2016’da LKP Genel Sekreteri seçilen Hanna Garip ve LKP liderleri geçen yılın eylül ayında Ulusal Direniş Cephesi’nin kuruluşunun 37. yılında, Ulusal Direniş Cephesi’nin İsrail işgaline karşı ilk eylemini yaptığı noktadan ikinci eylemi yaptığı noktaya kadar yürüyüş düzenlemiş ve yapılan açıklamada gericilerle işbirliği halindeki emperyalizm destekli siyonizm tehlikesinin, Lübnan ve bölge için büyük tehlike arz etmeye devam ettiği vurgulanmıştı.

2006’daki 33 gün savaşında da, derin ideolojik ayrılıklarına rağmen İsrail’e karşı savaşta Hizbullah’a destek vererek 12 üyesini kayıp veren LKP -ve Arap solu- için savaşın izleri çok taze. Sadece Lübnan’ı değil tüm bölgeyi yıkıma uğratan projeleri ile İsrail işgaline direniş, solun ve komünistlerin ajandasında ilk sıralarda yer alıyor.

Bugün ABD’nin, Suud ve İsrail ile ortaklaşa hazırlamış olduğu “Yüzyılın Anlaşması” isimli sözde barışı getirecek ama LKP’nin de vurguladığı gibi özünde Filistin Davasının tasfiyesini hedef alan anlaşmaya karşı siyasi ve askeri mücadele, partinin işaret ettiği esas mücadele alanlarından biridir.

2018’in aralık ayında LKP, Filistin Halk Kurtuluş Cephesi ile Beyrut’ta yaptıkları toplantı sonrasında ortak bir sonuç bildirisi yayınlayarak bölgedeki tüm sol, komünist ve ilerici güçlere  ‘’Muhtemel saldırılara ve siyonistlere karşı tüm direniş güçlerine destek vermek amacıyla silah taşımaya hazır olma ve Arap bölgesinde kapsamlı bir mücadele’’ çağrısı yapmıştı.

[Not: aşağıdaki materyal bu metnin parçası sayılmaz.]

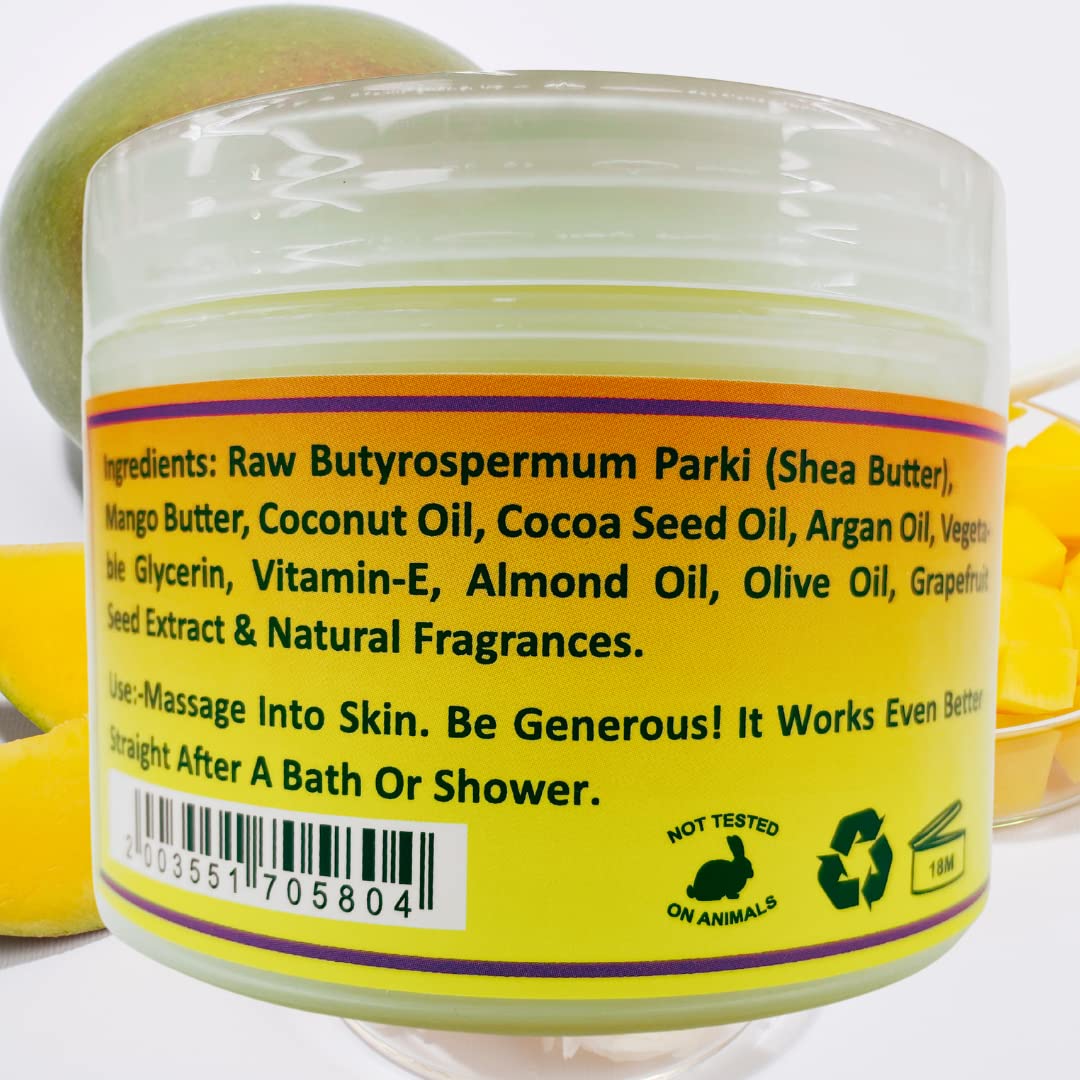 Mine Botanicals Whipped Body Butter with Mango Butter — 8 oz, Moisturizing & Nourishing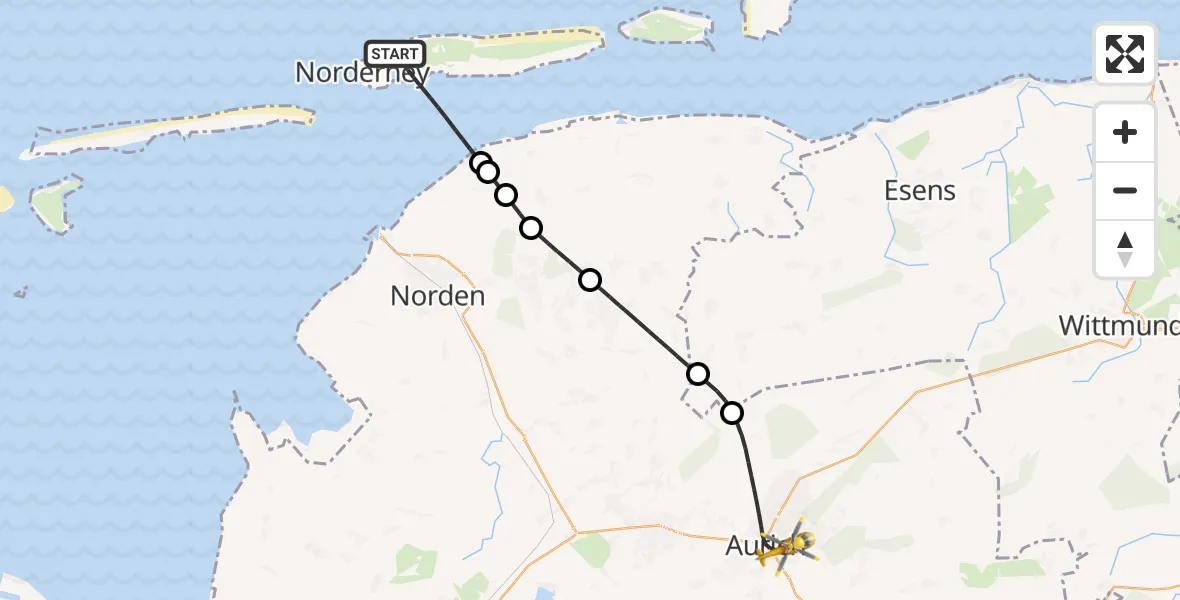 Flugroute Rettungshubschrauber Noordzee - Aurich, 30 April 2026, 00:04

LKP ve FHKC bu ortak belge aracılığıyla, siyonistleri normalleşme politikaları üzerinden bölgeye entegre etmeyi amaçlayan ‘’Yüzyılın Anlaşmasına’’ ve Ortadoğu’yu farklı kimlikler üzerinden parçalama hedefinde olan projelere karşı; uluslararası solcu, ilerici ve komünist güçlere dayanışma çağrısı yaptı.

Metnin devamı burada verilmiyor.